INPUT DATA »
- - -
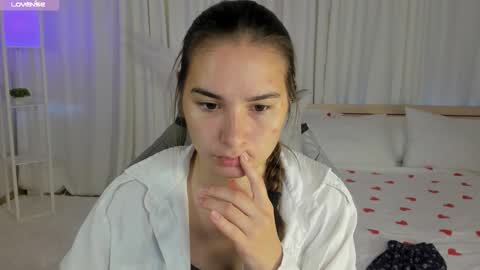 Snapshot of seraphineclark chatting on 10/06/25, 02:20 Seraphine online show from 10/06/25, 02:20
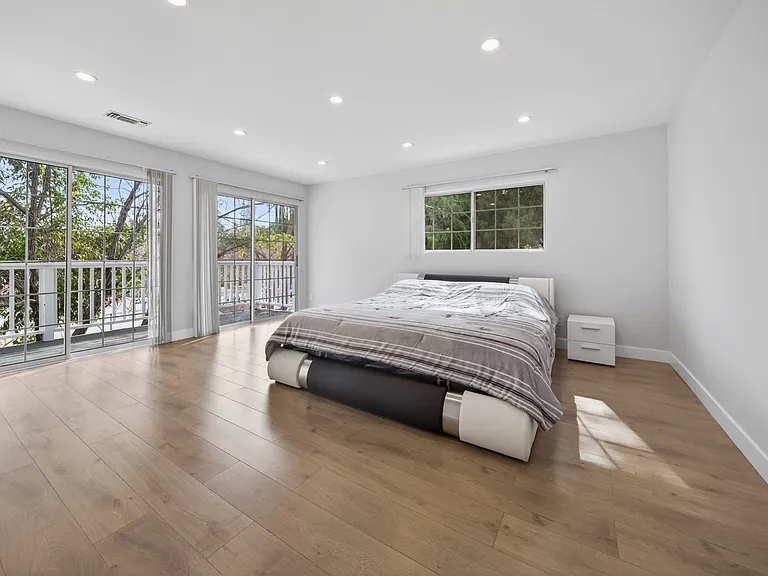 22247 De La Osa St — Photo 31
- - -
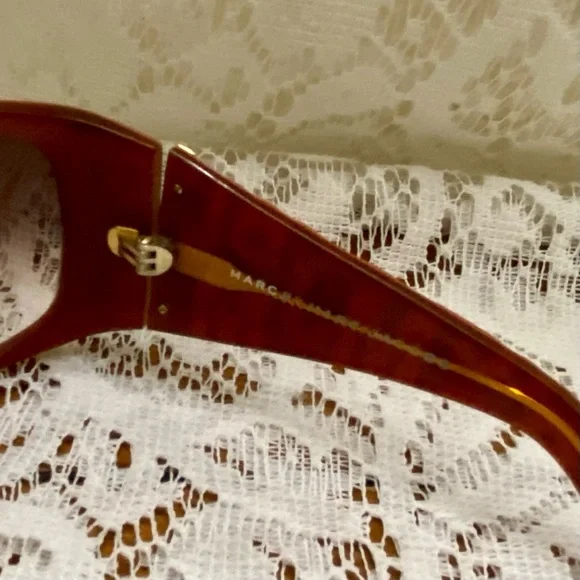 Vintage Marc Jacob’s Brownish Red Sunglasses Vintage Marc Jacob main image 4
- - -
WHAT THE TASK ASKS » Since the pictures are not part of the copy, please transcribe only the lines above from the one with "Snapshot of seraphineclark" through the one with "22247 De La Osa St — Photo 31", exactly and with both ends.

EXERCISE OUTPUT »
 Snapshot of seraphineclark chatting on 10/06/25, 02:20 Seraphine online show from 10/06/25, 02:20
 22247 De La Osa St — Photo 31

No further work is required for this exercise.